*What you will do:* Everything from the line with "May include: A" to the line with "Two men on an airboat" in the listing below, both lines included, needs to be copied exactly, apart from the pictures.
-- Task inputs follows --
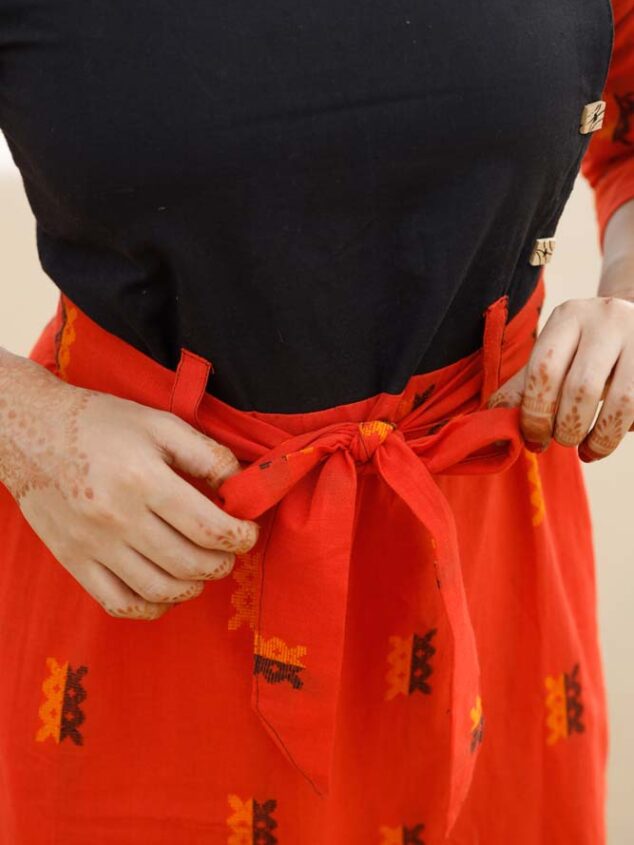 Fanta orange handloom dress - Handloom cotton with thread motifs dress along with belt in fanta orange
-- Task inputs concluded --
-- Task inputs follows --
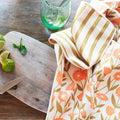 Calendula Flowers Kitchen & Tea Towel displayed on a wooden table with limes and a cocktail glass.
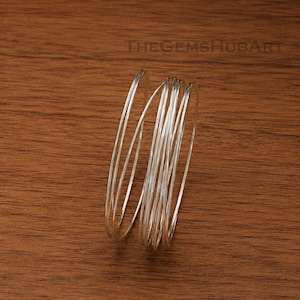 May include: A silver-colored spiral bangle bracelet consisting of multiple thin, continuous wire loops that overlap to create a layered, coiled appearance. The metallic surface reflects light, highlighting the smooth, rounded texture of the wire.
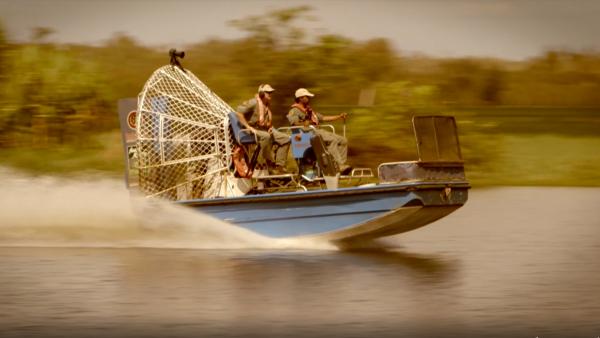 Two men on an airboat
-- Task inputs concluded --
*Solution for this exercise:*
 May include: A silver-colored spiral bangle bracelet consisting of multiple thin, continuous wire loops that overlap to create a layered, coiled appearance. The metallic surface reflects light, highlighting the smooth, rounded texture of the wire.
 Two men on an airboat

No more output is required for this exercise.